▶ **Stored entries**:
=====
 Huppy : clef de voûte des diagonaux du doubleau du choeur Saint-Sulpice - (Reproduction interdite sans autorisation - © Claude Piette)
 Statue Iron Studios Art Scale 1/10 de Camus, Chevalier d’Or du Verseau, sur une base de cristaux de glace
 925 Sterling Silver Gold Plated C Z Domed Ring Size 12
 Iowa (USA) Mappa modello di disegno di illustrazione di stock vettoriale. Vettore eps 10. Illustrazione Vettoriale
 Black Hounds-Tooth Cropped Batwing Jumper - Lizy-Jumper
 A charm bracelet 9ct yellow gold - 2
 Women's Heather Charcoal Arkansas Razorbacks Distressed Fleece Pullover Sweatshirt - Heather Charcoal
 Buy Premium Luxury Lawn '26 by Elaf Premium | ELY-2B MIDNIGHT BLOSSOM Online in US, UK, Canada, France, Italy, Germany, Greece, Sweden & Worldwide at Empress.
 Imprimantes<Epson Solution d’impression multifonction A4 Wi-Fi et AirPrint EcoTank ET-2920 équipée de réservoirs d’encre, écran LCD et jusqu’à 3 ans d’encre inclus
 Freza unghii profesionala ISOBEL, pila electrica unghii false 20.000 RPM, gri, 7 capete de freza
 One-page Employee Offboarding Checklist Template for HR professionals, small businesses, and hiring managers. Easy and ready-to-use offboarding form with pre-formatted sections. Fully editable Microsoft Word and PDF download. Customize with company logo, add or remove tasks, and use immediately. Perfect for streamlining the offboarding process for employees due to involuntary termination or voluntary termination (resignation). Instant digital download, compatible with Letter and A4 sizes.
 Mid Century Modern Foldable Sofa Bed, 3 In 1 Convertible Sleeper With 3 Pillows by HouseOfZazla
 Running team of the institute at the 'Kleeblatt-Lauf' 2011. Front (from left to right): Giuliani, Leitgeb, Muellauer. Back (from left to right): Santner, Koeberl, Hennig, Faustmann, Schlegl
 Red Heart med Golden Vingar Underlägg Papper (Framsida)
=====
▶ **PROBLEM DETAILS**:
Your reply is to repeat, unchanged, the lines above running from the one with "Black Hounds-Tooth Cropped" up to and including the one with "Freza unghii profesionala".

▶ **ANSWER SECTION**:
 Black Hounds-Tooth Cropped Batwing Jumper - Lizy-Jumper
 A charm bracelet 9ct yellow gold - 2
 Women's Heather Charcoal Arkansas Razorbacks Distressed Fleece Pullover Sweatshirt - Heather Charcoal
 Buy Premium Luxury Lawn '26 by Elaf Premium | ELY-2B MIDNIGHT BLOSSOM Online in US, UK, Canada, France, Italy, Germany, Greece, Sweden & Worldwide at Empress.
 Imprimantes<Epson Solution d’impression multifonction A4 Wi-Fi et AirPrint EcoTank ET-2920 équipée de réservoirs d’encre, écran LCD et jusqu’à 3 ans d’encre inclus
 Freza unghii profesionala ISOBEL, pila electrica unghii false 20.000 RPM, gri, 7 capete de freza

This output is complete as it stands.